换句话说,金融机构的股东和管理层对于高风险业务都有负外部性,区别仅在于程度不同;负外部性程度较低的股东由于分散、专业能力不够和较高的监督成本而无法实际控制金融机构行为;而实际控制金融机构的管理层在短期利益的驱动下由于其较高程度的负外部性在高杠杆和高证券化的金融环境下容易诱发系统性金融危机。金融危机的成本最终会由其本国全体纳税人甚至是其他国家承担,而引发危机的管理层仍然可以按照薪酬合约拿走高额的奖金和补偿金,这种明显的负外部性使金融机构高管薪酬机制面对强大的改革压力。
三、改革金融高管薪酬机制的思路
上文已经阐述了当前的金融高管薪酬机制所存在的外部性成本和委托—代理成本。所以改善金融高管薪酬机制也应该从减少这两方面成本着手。
解决外部性成本的思路一般有两条:一是以庇古为代表的新古典经济学思路,它强调政府调节,主要是指税收和补贴;二是科斯提出的产权理论思路,该方法强调市场机制,主要运用产权界定和产权交易手段。经济学家们一般认为将市场手段和政府调节相结合更为有效,因为它们既避免了一些靠实行纯市场化无法克服的难点,同时又保留了市场手段经济激励作用。在实践操作中,内部化高管薪酬负外部性的常见手段有改善薪酬结构、延期支付一定比例的薪酬(锁定)、奖金必须与长期业绩挂钩、当盈利状况发生负面变化(尤其是当相关业务发生负面变化)时高管要回吐相应比例的薪酬、金融衍生品的设计者持有一定数量的头寸、政府对不合理的高薪采取限薪和征税等等措施。

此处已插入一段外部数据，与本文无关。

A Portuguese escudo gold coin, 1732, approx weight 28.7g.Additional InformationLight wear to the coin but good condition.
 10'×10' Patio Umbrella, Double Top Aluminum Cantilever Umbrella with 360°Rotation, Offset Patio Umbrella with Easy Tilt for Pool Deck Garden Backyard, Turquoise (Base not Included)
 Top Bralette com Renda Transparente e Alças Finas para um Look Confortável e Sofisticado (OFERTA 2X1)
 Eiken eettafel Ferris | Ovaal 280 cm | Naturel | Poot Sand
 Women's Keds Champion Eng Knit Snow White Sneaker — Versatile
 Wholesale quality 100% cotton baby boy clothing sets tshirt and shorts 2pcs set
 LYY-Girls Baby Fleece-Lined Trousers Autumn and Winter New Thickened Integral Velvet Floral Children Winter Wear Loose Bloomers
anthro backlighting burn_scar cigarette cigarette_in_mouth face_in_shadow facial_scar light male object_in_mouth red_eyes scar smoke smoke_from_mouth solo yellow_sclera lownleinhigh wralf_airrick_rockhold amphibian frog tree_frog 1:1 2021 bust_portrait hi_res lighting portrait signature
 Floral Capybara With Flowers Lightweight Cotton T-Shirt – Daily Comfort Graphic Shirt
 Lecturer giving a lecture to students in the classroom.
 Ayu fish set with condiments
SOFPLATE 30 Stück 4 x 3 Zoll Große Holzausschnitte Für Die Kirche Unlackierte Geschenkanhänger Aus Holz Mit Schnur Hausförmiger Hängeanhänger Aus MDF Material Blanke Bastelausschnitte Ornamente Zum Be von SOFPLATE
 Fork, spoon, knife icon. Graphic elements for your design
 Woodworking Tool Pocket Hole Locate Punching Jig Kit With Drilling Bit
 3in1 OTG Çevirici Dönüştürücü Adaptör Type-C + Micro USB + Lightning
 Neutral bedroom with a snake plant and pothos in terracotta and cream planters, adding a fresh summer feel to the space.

降低委托—代理成本采取的措施通常是在利益相冲突和信息不对称的环境下,委托人如何设计最优契约激励代理人。事实上,学者和股东们设计了诸如减少信息不对称、创设双方利益趋同机制、建立长期重复博弈关系、代理人市场声誉、相对业绩评估等措施优化双方的契约关系,限制和改善利益冲突及信息不对称。
但正如我们看到的,由于处于一个竞争的动态市场环境内,单个企业无法采取有效的措施来真正遏制外部性成本和委托—代理成本,各种良好措施和机制很难在非统一规则环境下发挥作用。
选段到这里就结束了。